Friday, August 18, 2006

 

STILL MORE FEMA

RV Business
Friday, August 18, 2006

In the future, the Federal Emergency Management Agency (FEMA) may supply residents whose homes get destroyed by hurricanes with concrete houses instead of travel trailers and manufactured housing.

According to the Charlotte Sun-News, the concrete dwellings can be constructed quickly using a process in which concrete is poured into a prefabricated form.

The dwellings would allow residents to continue residing on their properties throughout the recovery process, and the structures could be incorporated into permanent houses, said U.S. Rep. Mark Foley, R-West Palm Beach.

The state of Louisiana has already begun subsidizing the construction of the structures, said Scott Morris, director of the FEMA’s Florida Long-Term Recovery Office.

Until Hurricane Charley hit Charlotte County in Southeast Florida on Aug. 13, 2004, FEMA had never supplied trailers to displaced residents, Morris said.
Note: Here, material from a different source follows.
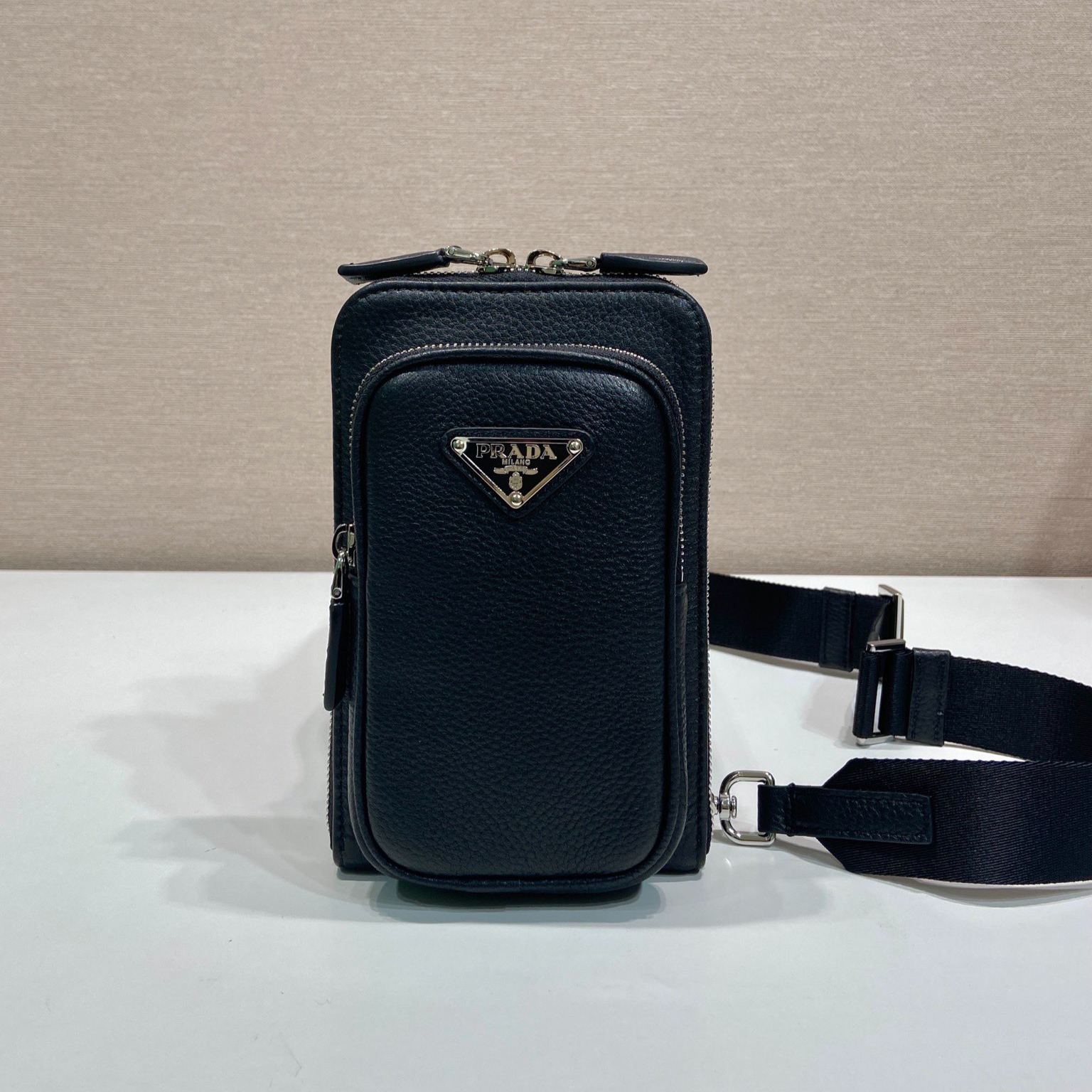 Prada Black Leather Smartphone Case (2ZH195_2BBE_F0002)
But the plan was on the shelf when the storm hit, so it was quickly implemented, he said.

Within the first few months after the hurricane, FEMA moved 18,000 mobile homes and trailers into Florida.

As a Sept. 26 deadline looms, only 1,597 of the trailers remain occupied statewide, including about 200 in Charlotte County.

One problem with mobile-home mobilization is that it required FEMA to find sites, negotiate land leases and invest millions of dollars in site preparation. That money instead could be spent building permanent structures on residents' property, Foley said.

That would prevent people from getting displaced from their home neighborhoods, said state Rep. Mike Grant, R-Port Charlotte.

FEMA, in the future, would still provide the smaller RV trailers for people whose housing can't be replaced by a concrete dwelling, Morris said.